Graham osserva il lento ripetersi dei giorni, tra faccende domestiche, piccole avventure – il soccorso a una coppia che ha investito inavvertitamente un cervo, la corsa dietro un’auto per restituire a una bambina la bambola dimenticata – e i pochi contatti umani con gli uomini della sua vita: un padre accudito come un compagno, da abbracciare nelle notti gelide e di cui curare le crisi epilettiche; un cliente solo e disperato che offre jeans in cambio di un gesto d’affetto e Adam, il ragazzo che potrebbe darle amore ma che la bloccherebbe lì.  

 

È un cinema impercettibile quello di Shell, attaccato a frammenti del quotidiano che costruiscono una trama fitta ma invisibile, in cui lo sguardo della macchina da presa si imprime sui paesaggi, gli oggetti, i corpi senza mai predeterminarli, in direzione opposta a un’operazione come quella del belga La cinquième saison, in concorso all’ultimo festival di Venezia, in cui l’analogo confronto umanità-paesaggio veniva letto attraverso una prospettiva estetizzante, densa di riferimenti pittorici e filosofici.

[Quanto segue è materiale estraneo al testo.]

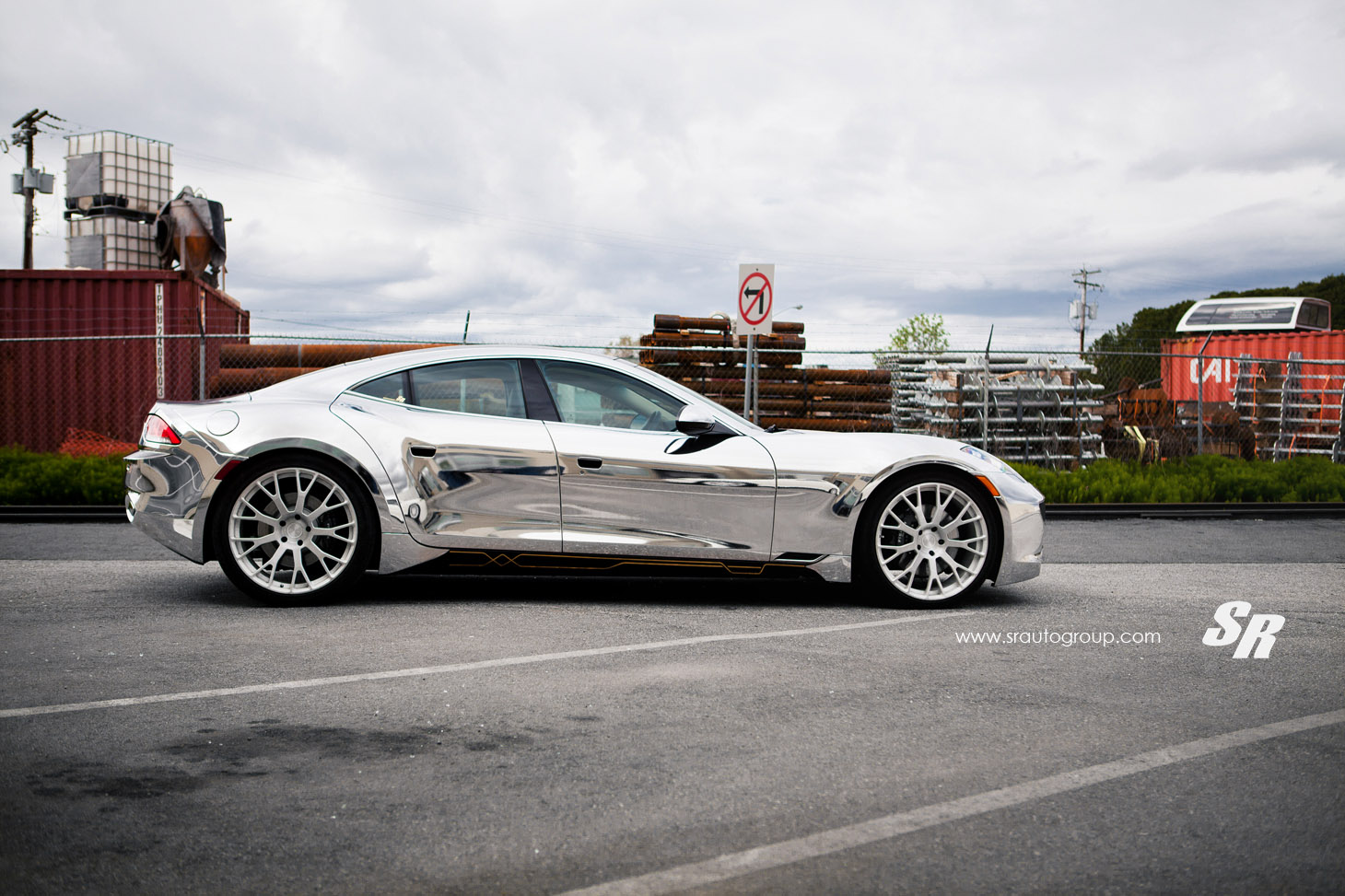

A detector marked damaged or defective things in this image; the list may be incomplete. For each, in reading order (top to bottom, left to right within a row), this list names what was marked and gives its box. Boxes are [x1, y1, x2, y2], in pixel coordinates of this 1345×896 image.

stack of rusty pipe [209, 343, 449, 395]
stack of rusty pipe [637, 313, 893, 433]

Graham rinuncia invece qui alla tentazione dell’apologo apocalittico e pur dando corpo a un racconto che si nutre della bellezza delle immagini lo fa appoggiandosi a un paesaggio familiare, di cui conosce bene le insidie ma che non può tuttavia impedirsi di amare. Allo stesso modo della sua protagonista, lieve come la Felicia di Atom Egoyan e bloccata tra un futuro incerto e una vita già scritta come la Evelyn joyciana, riempie di uno sguardo intimamente doloroso ogni inquadratura, un sentimento profondo e conflittuale come quello che lega Shell e Pete.